Web page caption snippets
=== Begin Enclosure ===
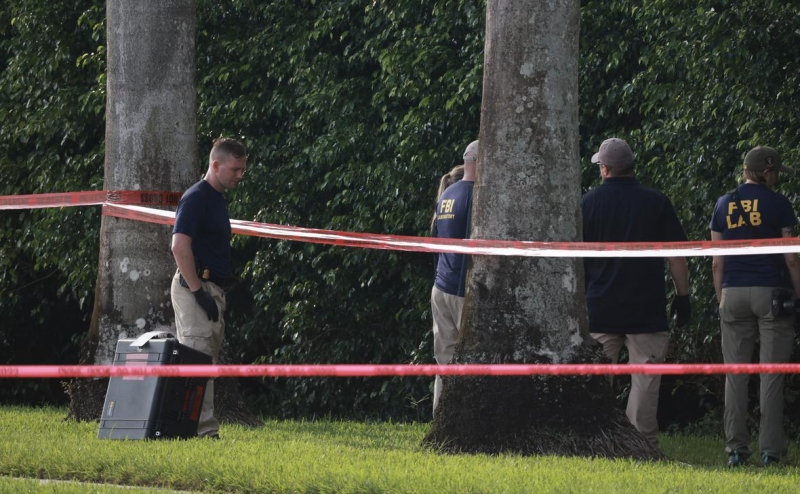 Подозреваемый в покушении на Трампа говорил о желании убить Путина и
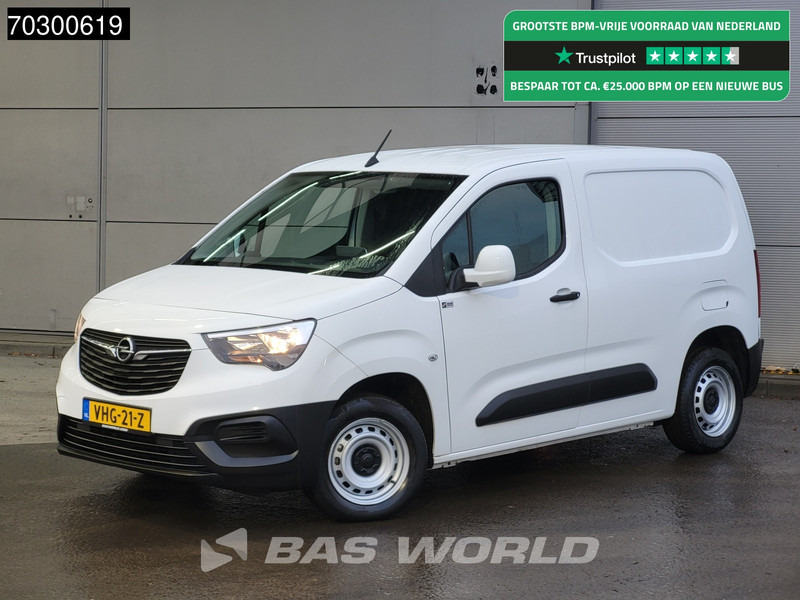 Opel Combo 75pk L1H1 Navi Airco Cruise Parkeersensoren Euro6 L1 Kompakt Airco Cruise control - Small van: picture 1 Opel Combo 75pk L1H1 Navi Airco Cruise Parkeersensoren Euro6 L1 Kompakt Airco Cruise control - Small van: picture 1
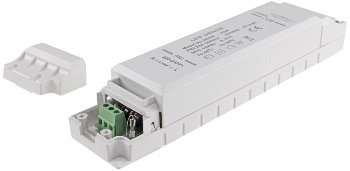 LED-Trafo "CTE-80-V2" 1-80W, Ein 220-240V, Aus 12V= Konstantspannung LED-Trafo "CTE-80-V2" 1-80W, Ein 220-240V, Aus 12V= Konstantspannung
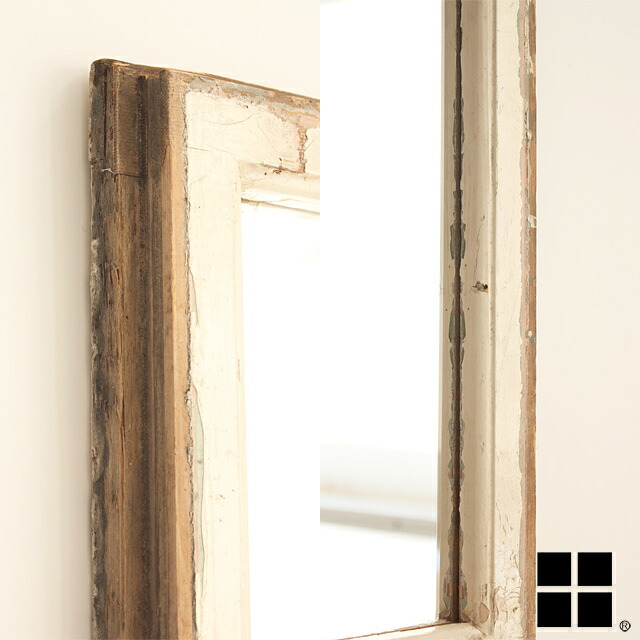 楽天市場】アンティークミラー ウォールミラー レトロ ビンテージ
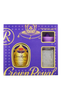 CROWN ROYAL WHISKY GFT PCK W/ JUICER AND JAR CANADIAN 750ML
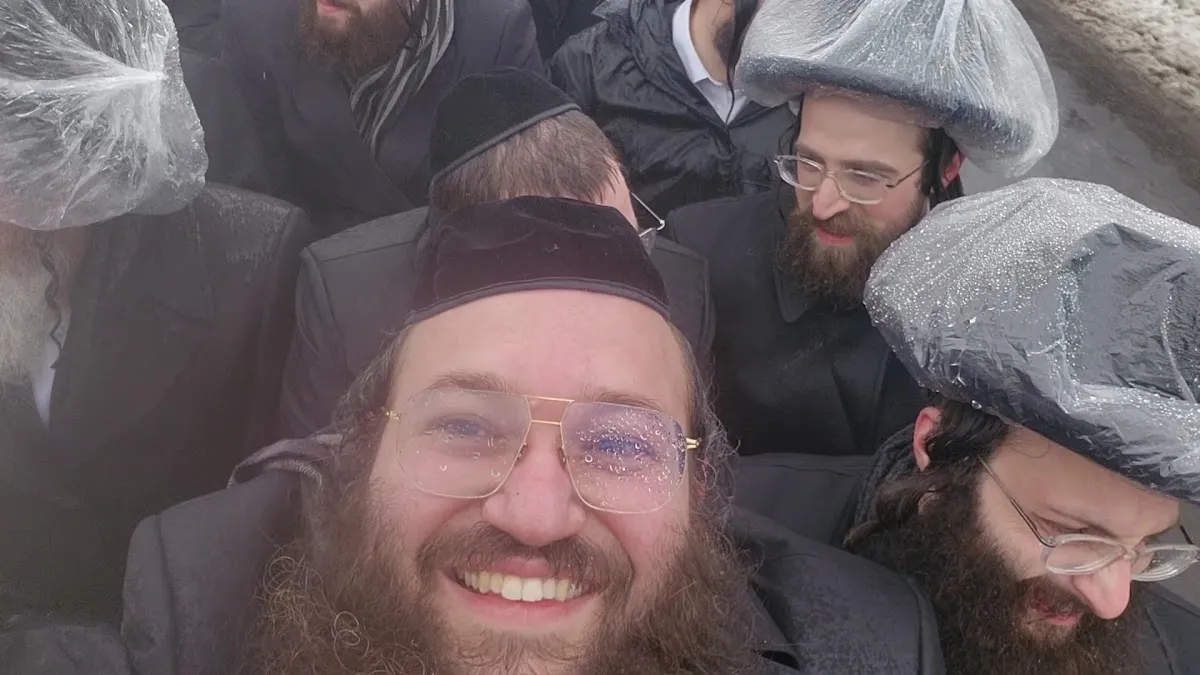 Mikvah in Belz — photo 10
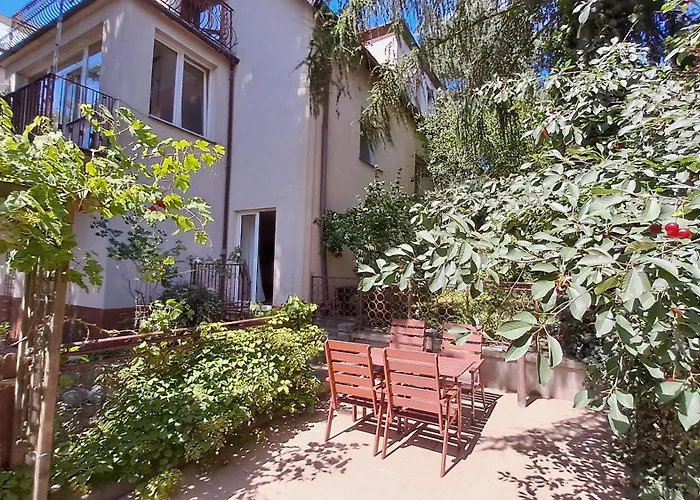 Daire Zielono Mi Sopot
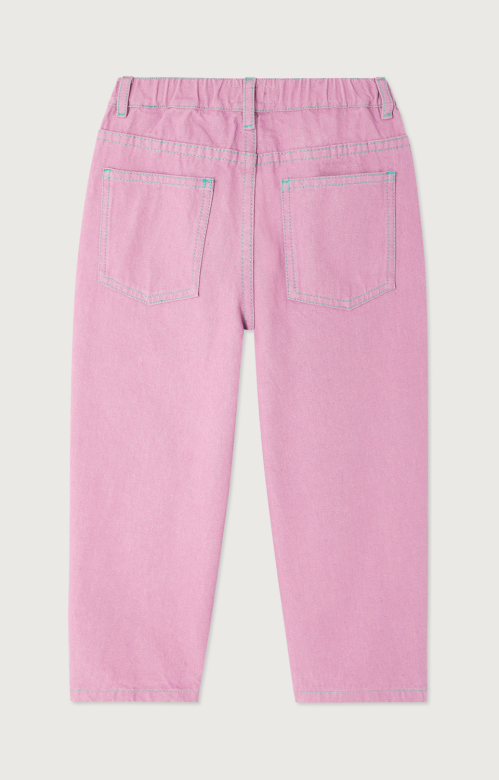 AMERICAN VINTAGE | JEAN 5 POCHES CARROT JACINTHE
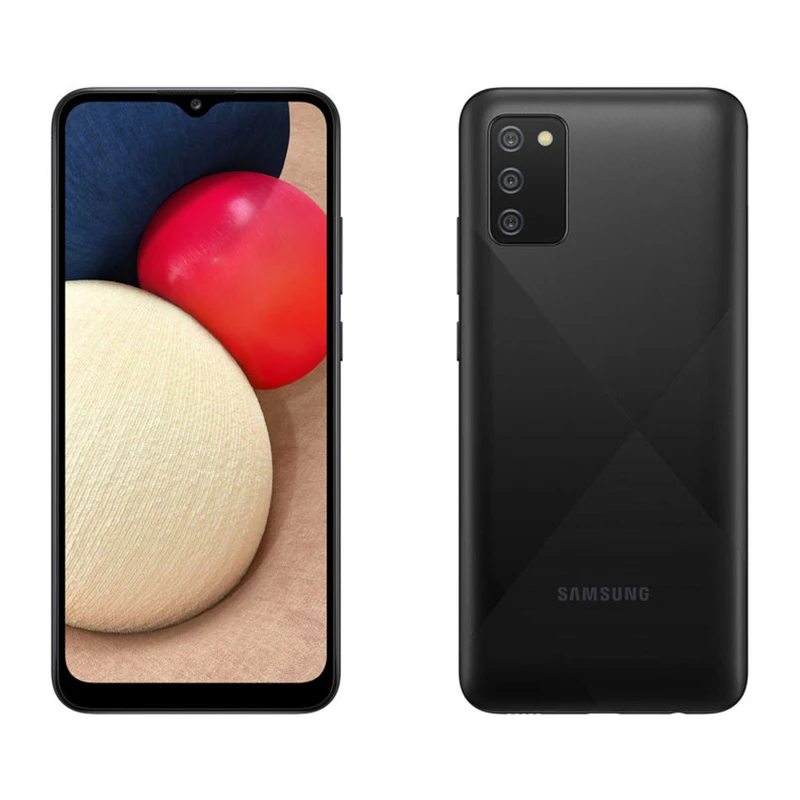 گوشی موبایل سامسونگ مدل Galaxy A02s SM-A025F/DS دو سیم کارت ظرفیت 32 گیگابایت، تصویر 7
=== End Enclosure ===
■ **Aim of the exercise**: No pictures belong in the answer. It must repeat exactly the lines from the line with "Mikvah in Belz — photo 10" through the final line of the records.

■ **Problem solution**:
 Mikvah in Belz — photo 10
 Daire Zielono Mi Sopot
 AMERICAN VINTAGE | JEAN 5 POCHES CARROT JACINTHE
 گوشی موبایل سامسونگ مدل Galaxy A02s SM-A025F/DS دو سیم کارت ظرفیت 32 گیگابایت، تصویر 7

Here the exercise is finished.